### [MATERIALS PROVIDED]
+-------+
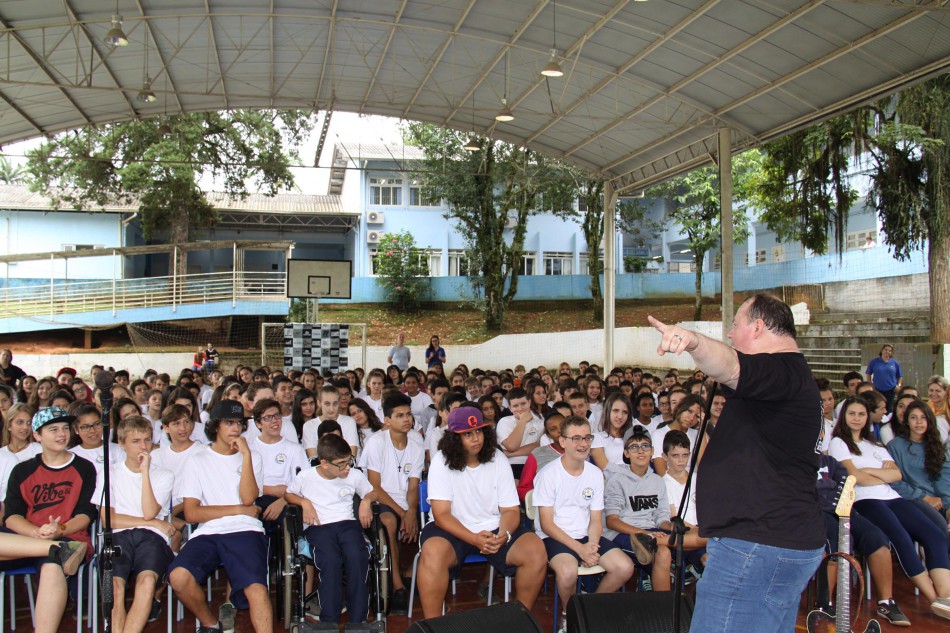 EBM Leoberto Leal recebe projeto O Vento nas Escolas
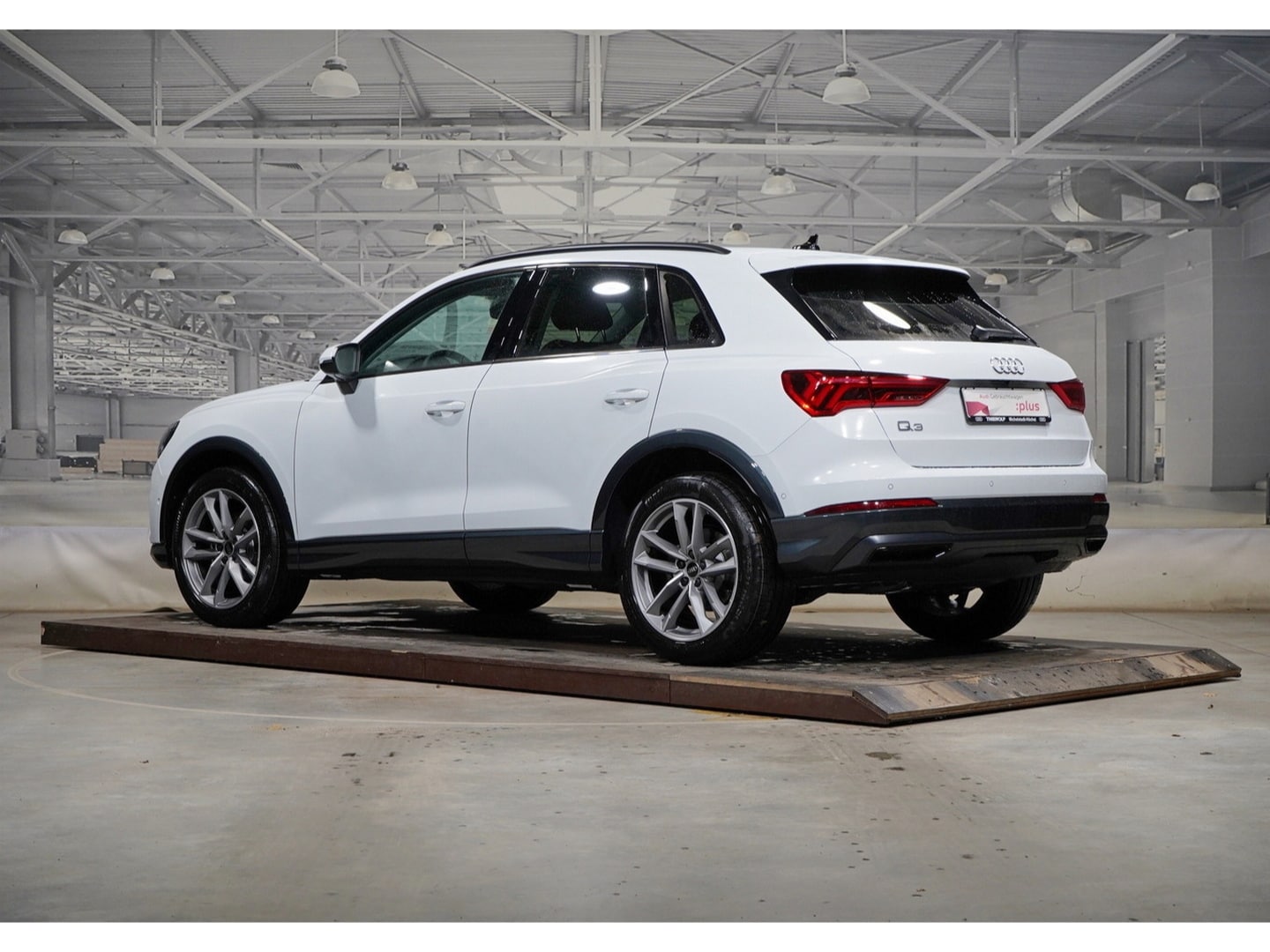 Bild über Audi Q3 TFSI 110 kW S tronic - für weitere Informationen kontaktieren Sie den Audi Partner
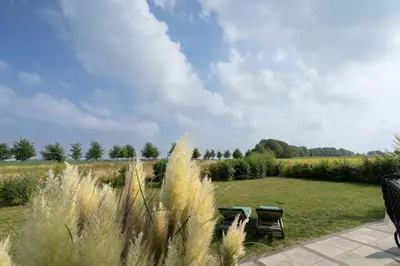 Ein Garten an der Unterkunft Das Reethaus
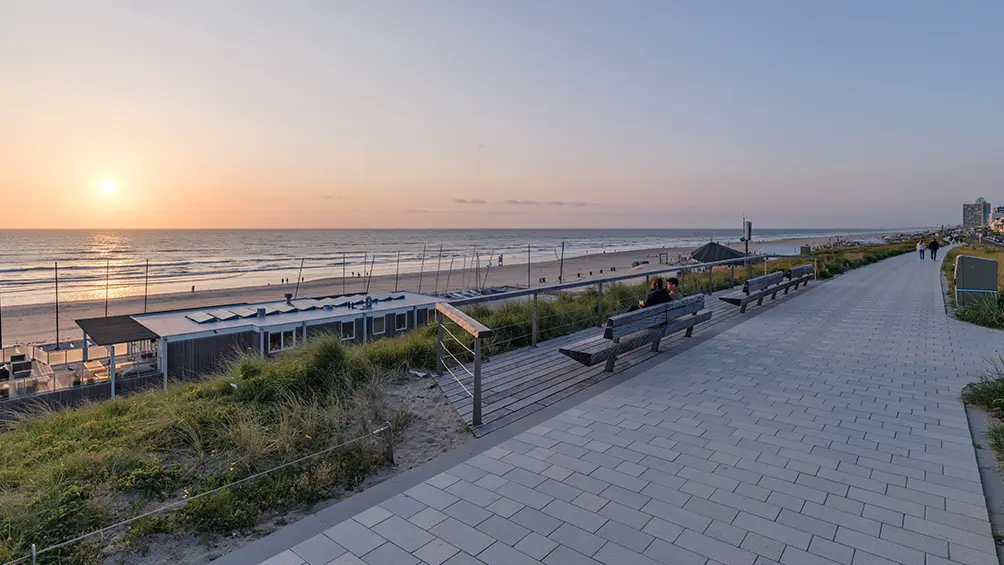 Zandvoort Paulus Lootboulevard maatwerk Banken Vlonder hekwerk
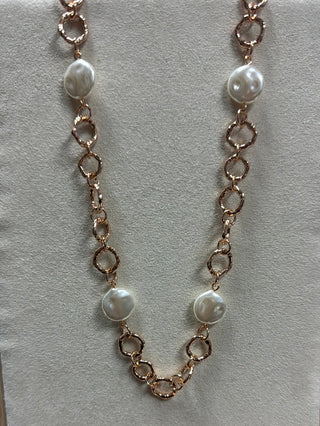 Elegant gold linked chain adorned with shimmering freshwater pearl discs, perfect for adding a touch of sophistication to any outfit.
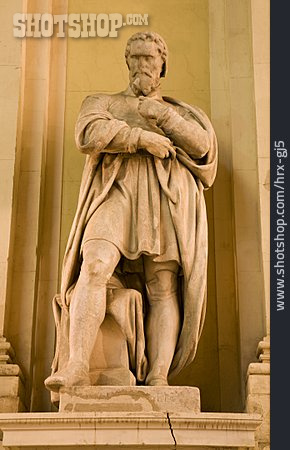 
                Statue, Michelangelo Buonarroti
+-------+
### [PROBLEM DESCRIPTION]
The answer must be the full listing, restated word for word, with no pictures in it.

### [EXPECTED OUTPUT]
 EBM Leoberto Leal recebe projeto O Vento nas Escolas
 Bild über Audi Q3 TFSI 110 kW S tronic - für weitere Informationen kontaktieren Sie den Audi Partner
 Ein Garten an der Unterkunft Das Reethaus
 Zandvoort Paulus Lootboulevard maatwerk Banken Vlonder hekwerk
 Elegant gold linked chain adorned with shimmering freshwater pearl discs, perfect for adding a touch of sophistication to any outfit.
                Statue, Michelangelo Buonarroti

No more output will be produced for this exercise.